WHAT YOU ARE ASKED TO DO: Only the lines below, from the one with "Sterling Silver 5mm" through the one with "A red, green, and", are to be written out, exactly.

DATA FOR THIS EXERCISE:

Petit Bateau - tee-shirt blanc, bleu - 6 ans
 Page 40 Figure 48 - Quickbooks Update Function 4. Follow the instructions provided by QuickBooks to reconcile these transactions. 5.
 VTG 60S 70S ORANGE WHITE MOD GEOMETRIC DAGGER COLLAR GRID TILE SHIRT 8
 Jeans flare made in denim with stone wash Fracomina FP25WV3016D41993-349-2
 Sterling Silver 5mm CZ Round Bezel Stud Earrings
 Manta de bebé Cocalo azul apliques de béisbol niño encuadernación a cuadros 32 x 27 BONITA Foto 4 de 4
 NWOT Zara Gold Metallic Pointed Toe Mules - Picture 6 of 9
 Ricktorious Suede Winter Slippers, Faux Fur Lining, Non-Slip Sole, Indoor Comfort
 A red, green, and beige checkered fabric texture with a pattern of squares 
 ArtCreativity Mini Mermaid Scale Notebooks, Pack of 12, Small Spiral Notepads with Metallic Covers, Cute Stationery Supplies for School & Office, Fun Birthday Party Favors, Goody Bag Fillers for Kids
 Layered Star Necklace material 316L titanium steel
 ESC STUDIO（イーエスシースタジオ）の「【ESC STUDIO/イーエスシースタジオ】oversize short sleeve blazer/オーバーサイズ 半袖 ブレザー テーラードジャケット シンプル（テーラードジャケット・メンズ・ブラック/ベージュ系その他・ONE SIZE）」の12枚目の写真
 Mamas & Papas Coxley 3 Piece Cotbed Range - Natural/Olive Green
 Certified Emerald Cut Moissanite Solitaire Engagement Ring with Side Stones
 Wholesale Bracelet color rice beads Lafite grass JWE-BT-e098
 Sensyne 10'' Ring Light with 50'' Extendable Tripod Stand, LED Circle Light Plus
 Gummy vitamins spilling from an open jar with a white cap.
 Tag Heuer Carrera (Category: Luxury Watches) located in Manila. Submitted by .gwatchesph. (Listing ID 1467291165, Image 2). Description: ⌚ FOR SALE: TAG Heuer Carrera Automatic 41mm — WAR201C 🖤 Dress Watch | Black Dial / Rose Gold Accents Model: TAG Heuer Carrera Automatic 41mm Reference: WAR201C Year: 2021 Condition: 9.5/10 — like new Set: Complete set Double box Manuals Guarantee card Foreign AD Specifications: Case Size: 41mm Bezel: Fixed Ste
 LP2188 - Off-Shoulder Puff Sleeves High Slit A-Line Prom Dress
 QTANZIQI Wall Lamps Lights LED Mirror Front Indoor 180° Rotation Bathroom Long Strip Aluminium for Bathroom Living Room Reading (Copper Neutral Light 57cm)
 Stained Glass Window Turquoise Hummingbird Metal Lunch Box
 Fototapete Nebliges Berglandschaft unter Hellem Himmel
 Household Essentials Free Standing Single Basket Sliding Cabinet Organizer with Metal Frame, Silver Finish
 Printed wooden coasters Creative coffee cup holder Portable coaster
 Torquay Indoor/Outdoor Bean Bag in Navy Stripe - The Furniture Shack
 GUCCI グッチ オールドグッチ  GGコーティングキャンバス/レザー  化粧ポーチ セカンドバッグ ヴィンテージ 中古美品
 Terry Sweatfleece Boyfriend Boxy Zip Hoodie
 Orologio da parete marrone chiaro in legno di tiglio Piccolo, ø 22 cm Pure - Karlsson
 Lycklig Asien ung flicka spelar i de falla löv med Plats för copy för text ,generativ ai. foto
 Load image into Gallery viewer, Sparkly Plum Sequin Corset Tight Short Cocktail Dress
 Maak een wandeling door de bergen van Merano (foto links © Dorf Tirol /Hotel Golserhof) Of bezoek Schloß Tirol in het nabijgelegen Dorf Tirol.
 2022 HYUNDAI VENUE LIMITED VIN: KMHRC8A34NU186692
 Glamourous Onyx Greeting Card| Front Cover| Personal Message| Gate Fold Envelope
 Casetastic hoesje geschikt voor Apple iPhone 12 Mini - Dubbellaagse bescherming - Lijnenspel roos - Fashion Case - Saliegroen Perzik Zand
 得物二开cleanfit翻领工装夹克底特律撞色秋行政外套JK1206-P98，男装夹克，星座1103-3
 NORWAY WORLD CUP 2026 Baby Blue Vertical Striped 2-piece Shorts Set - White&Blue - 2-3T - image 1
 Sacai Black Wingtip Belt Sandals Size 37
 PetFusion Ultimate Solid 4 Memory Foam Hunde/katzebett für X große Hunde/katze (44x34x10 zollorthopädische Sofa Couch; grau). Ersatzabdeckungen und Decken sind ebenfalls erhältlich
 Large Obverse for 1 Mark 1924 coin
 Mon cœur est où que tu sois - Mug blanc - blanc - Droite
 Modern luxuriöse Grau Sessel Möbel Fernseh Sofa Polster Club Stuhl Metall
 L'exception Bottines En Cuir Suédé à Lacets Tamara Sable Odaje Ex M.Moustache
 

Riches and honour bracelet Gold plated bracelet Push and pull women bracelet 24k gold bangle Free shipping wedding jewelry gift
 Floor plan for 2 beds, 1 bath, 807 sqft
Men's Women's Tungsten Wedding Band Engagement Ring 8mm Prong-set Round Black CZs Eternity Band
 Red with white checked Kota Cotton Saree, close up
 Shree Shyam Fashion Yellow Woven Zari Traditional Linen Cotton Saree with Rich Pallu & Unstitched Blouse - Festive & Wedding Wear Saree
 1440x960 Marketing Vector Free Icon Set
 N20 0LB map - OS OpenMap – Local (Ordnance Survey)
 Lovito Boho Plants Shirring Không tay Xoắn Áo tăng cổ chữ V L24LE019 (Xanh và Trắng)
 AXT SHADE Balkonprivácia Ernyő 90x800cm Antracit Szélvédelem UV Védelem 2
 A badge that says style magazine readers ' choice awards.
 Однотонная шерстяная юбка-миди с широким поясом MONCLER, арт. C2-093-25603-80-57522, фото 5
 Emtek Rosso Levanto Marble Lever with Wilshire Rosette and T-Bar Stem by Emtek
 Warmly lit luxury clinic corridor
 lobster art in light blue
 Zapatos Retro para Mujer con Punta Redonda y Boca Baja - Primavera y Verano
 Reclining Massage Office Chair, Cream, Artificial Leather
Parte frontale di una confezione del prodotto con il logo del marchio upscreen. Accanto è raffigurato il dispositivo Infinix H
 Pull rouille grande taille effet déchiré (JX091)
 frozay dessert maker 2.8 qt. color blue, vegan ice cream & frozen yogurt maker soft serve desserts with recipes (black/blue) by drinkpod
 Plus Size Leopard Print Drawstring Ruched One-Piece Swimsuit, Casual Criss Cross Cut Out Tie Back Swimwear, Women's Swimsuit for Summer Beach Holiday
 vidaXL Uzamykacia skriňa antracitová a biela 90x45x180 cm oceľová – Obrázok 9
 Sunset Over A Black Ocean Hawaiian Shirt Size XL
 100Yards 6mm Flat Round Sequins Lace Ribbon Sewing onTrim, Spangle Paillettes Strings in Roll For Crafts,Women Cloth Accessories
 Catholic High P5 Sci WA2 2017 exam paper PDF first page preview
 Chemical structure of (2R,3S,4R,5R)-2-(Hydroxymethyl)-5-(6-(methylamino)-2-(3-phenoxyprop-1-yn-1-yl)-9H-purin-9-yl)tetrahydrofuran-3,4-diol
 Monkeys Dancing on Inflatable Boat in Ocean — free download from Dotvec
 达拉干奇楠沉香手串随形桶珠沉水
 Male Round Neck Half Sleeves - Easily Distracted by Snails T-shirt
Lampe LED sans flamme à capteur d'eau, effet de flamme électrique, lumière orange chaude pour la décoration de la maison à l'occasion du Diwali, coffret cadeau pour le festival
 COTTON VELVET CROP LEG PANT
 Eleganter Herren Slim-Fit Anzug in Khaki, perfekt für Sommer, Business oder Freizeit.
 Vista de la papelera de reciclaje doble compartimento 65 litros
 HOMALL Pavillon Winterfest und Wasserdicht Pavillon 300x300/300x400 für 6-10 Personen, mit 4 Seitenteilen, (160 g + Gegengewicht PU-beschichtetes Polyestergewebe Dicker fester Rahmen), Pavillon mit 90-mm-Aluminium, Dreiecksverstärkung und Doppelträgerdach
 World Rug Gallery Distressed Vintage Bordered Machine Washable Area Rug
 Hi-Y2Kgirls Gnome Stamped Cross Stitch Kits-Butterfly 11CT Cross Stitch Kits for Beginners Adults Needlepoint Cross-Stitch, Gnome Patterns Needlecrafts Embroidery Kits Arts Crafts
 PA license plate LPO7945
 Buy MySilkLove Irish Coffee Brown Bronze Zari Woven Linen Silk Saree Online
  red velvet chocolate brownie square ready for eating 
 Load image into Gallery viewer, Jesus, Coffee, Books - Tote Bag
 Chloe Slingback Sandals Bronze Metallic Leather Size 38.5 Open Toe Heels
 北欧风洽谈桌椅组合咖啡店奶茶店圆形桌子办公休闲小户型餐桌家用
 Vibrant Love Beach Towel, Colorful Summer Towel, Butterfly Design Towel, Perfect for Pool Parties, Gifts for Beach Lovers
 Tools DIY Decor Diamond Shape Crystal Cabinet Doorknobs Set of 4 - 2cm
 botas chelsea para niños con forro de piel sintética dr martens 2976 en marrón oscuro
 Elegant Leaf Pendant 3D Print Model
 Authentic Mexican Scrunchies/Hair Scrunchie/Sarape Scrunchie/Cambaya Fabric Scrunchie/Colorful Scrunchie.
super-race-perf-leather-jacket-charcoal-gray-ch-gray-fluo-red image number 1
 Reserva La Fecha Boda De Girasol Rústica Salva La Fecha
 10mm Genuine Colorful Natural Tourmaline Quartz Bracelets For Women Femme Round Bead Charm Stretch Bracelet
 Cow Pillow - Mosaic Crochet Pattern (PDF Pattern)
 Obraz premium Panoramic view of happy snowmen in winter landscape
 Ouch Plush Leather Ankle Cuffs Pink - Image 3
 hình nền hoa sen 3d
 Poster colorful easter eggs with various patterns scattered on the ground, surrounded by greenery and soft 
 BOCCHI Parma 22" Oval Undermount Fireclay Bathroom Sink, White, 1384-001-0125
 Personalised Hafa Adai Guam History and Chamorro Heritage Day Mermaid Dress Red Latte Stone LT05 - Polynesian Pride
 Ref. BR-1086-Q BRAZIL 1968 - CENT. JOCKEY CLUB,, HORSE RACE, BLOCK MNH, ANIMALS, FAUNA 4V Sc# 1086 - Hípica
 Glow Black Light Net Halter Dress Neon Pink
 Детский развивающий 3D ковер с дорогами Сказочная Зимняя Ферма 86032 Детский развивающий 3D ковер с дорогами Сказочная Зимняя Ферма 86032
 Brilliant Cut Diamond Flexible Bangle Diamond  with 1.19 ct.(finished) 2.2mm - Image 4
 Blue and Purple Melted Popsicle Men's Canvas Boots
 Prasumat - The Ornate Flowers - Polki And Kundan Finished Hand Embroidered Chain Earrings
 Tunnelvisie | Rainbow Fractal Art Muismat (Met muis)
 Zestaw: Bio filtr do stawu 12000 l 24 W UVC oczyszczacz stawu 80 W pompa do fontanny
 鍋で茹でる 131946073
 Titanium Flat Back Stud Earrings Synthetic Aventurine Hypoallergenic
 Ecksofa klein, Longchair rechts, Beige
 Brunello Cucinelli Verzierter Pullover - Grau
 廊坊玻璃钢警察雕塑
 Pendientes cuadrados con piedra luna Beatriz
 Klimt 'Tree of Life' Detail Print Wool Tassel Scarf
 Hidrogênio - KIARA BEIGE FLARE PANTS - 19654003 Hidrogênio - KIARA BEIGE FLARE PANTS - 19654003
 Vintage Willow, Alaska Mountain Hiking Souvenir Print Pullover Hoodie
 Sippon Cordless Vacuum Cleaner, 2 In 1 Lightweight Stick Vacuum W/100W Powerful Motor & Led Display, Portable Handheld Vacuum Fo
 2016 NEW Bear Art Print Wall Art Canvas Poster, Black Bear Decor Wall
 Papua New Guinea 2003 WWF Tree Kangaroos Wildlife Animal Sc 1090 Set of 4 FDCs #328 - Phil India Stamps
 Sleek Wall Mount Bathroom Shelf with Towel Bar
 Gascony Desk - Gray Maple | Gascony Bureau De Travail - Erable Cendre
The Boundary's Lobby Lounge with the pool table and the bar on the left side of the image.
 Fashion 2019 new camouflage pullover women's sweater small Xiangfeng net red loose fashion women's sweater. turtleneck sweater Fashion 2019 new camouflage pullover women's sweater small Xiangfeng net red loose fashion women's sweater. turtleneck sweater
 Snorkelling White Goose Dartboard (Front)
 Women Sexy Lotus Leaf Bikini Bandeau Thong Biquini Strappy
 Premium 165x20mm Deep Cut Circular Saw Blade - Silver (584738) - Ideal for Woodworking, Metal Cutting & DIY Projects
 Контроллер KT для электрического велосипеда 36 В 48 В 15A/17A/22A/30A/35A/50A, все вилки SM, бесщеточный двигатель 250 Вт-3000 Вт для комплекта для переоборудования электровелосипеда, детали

RESULT FOR THIS TASK:
 Sterling Silver 5mm CZ Round Bezel Stud Earrings
 Manta de bebé Cocalo azul apliques de béisbol niño encuadernación a cuadros 32 x 27 BONITA Foto 4 de 4
 NWOT Zara Gold Metallic Pointed Toe Mules - Picture 6 of 9
 Ricktorious Suede Winter Slippers, Faux Fur Lining, Non-Slip Sole, Indoor Comfort
 A red, green, and beige checkered fabric texture with a pattern of squares 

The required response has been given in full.